There is the local public option.
Lying twenty minutes in one direction from our house, while his brother continues to frolic in the woods thirty five minutes in the opposite direction, however, necessitates a school bus or teleportation. The bus seems like a no-go for him. There’s trauma there and bad history from our first attempt to try the local public option for 3rd grade.
There’s the elite option.
It presents a picturesque campus, perfect for a postcard, even if it lacks the rustic charm of his current campus. The quality of the curriculars, extra-curriculars, and connections, however, are second to none. But when I think of its name, I also think of a bath tub full of water. The drain stopper is pulled. Glug. At first, nothing changes. Then a funnel forms. Slowly, and then all at once, our savings have gone down the drain.

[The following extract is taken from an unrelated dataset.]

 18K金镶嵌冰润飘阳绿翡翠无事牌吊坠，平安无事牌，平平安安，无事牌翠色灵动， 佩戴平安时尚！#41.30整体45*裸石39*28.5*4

There is the option to transfer to a different public school in a better, more convenient district.
The class sizes are 2.5X bigger than what my son is used to, and it has fewer extra curricular options, but the nameless faceless ones who decide such things and who do not know my son have anointed it one of the top school districts in the state.
And did I mention it’s more convenient?
Or there’s the more affordable Catholic school that my wife attended growing up.
If you think my wife’s familiarity with the school is a good thing, you’d be mistaken. Her sister also taught there a few years ago. Also not a good thing. It means we’re all too familiar with this school’s inner workings and shortcomings.
So where does that leave us?
With a shit sandwich tofu, mayonnaise and zucchini sandwich.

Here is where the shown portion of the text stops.